Para ele, a saída dos estrangeiros “só vai piorar as coisas”. Os talebans, ele diz, se sentirão ainda mais fortes. “Eles já matam todos aqueles que resistem a eles, tanto mulás quanto simples aldeões, e recebem o reforço de jovens em busca de dinheiro”.
O domínio taleban sempre se mede no plano religioso. Sentado em uma poltrona do salão do governador de Ghazni, o mulá Hakimullah confirma. Personalidade religiosa local e figura da célebre madrasa (escola corânica) de Noor Ur, que formou no distrito de Andar grande parte dos mulás do país nos anos 1960 e 1970, ele afirma: “A maioria dos mulás do distrito de Ghazni têm medo e se alinharam com os talebans que vão até as escolas religiosas para dizer aos estudantes que existem duas prioridades: o jihad e o conhecimento do Corão”.
Mais do que na “transição” em Ghazni, parece que estão apostando, sobretudo, na reconciliação com os talebans para estabilizar a província, embora ainda haja reservas.

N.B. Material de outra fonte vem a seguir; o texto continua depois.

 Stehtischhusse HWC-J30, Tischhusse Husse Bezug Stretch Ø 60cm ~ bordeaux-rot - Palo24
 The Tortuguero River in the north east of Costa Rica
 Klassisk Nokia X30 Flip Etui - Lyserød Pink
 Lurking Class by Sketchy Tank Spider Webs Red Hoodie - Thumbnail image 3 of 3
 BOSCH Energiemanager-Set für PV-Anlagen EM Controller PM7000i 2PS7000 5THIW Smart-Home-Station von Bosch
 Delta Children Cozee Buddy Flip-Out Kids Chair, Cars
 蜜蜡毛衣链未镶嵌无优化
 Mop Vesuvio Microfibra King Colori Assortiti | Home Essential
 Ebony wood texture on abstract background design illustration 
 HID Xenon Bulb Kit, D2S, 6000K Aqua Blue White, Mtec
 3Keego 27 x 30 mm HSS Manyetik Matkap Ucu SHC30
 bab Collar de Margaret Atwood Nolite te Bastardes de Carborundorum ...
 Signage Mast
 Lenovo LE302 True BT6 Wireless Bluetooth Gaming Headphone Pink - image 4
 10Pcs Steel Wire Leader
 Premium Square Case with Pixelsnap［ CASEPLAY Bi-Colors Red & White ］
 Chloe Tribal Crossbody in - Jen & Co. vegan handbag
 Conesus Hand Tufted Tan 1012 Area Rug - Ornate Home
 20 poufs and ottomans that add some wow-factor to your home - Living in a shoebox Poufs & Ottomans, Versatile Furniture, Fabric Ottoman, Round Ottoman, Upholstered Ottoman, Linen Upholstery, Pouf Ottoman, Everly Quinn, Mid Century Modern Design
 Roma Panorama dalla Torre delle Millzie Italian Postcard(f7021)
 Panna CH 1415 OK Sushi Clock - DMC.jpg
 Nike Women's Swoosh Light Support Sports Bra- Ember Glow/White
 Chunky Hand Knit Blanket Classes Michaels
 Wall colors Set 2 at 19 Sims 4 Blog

O mulá Hakimullah, que também é membro do conselho provincial para a reconciliação (PPC), produto do Alto Conselho para a Paz criado por Karzai, garante ter tido “muitos contatos com o movimento taleban em Quetta, mas o governo nunca me deu meios de ir até lá”. Para Tahir Khan, a esperança vem dos talebans locais. “Nós os conhecemos, eles são menos brutais do que os que vêm de outras partes, é possível haver uma reconciliação”.
Embora isolada em um ambiente hostil, Ghazni foi designada capital da cultura islâmica, para 2013 e para a Ásia, pela Organização Islâmica para a Educação, as Ciências e a Cultura. Um paradoxo a mais em uma província cujo governador, Musa Khan Akhbarzada, jura que o evento atrairá muitos visitantes.
Ex-agente de ligação com os serviços secretos militares paquistaneses (ISI) durante a guerra contra os soviéticos, segundo a Unama ele até afirma ter laços com essa rede próxima dos talebans para poder diminuir a pressão sobre a cidade e a província.
Para se despedir de seus convidados, o general Sayed Amir Shah, do NDS, não hesita, por coragem, mas também para mostrar que Ghazni está sob controle, em acompanhá-los até a estrada próxima de seu quartel-general. “Mas é de se perguntar o que vocês vieram fazer aqui, agora vocês se apressam para ir embora, sendo que não conseguiram fazer nada do que queriam, e nos deixam sozinhos”.